A procedural due process claim requires a two-part analysis: first, the Court must determine whether Plaintiff was deprived of a constitutionally protected interest in life, liberty or property; second, it must determine what process is due. Pugel v. Board of Trustees of University of Illinois, 378 F.3d 659, 662 (7th Cir. 2004). The hallmarks of procedural due process are notice and an opportunity to be heard. Mullane v. Central Hanover Bank & Trust, 339 U.S. 306, 313 (1950).

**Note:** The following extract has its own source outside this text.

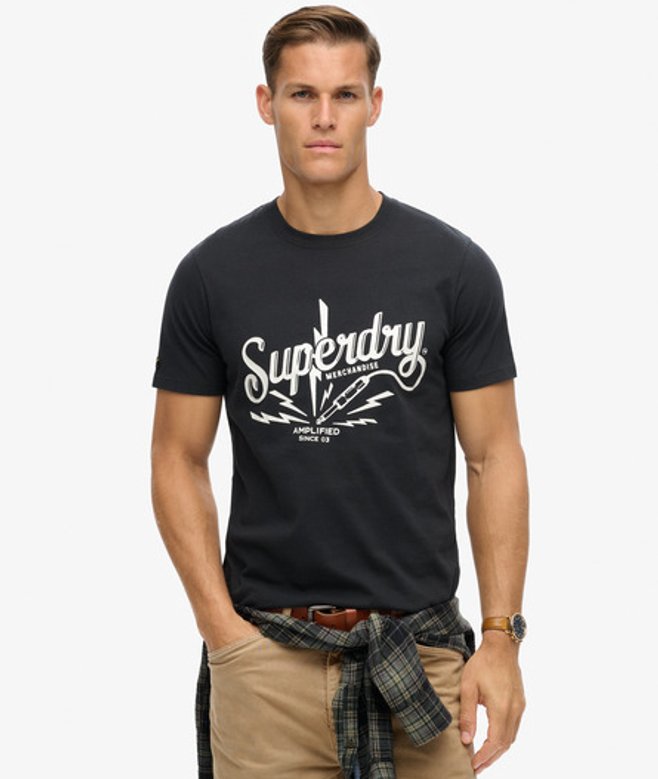 Superdry Herren Vintage Merch Store T-shirt Schwarz - Größe: M von Superdry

Plaintiff Raymond claims a protected property interest emanating from his employment agreement, as well as from the Employee Handbook, which prescribes disciplinary procedures for the discipline and termination of faculty. Citing McElearney v. University of Illinois at Chicago Circle Campus, 612 F.2d 285 (7th Cir. 1979), Defendants contend Plaintiff Raymond does not have a protected property interest because he was employed under a one-year, renewable contract. Defendants further argue that general statements in handbooks are insufficient to create a property interest. Plaintiff Raymond parries that he had a property interest in not being effectively dismissed before the end of his one-year contract, without any demonstration of cause, and without a pre-deprivation hearing. He elaborates that the university Employee Handbook created a contractual right to specific procedures, including pre-deprivation proceedings in line with Cleveland Board of Education v. Loudermill, 470 U.S. 532 (1985). Raymond also contends in his brief that his "interest in his career in the law has been irreparably injured."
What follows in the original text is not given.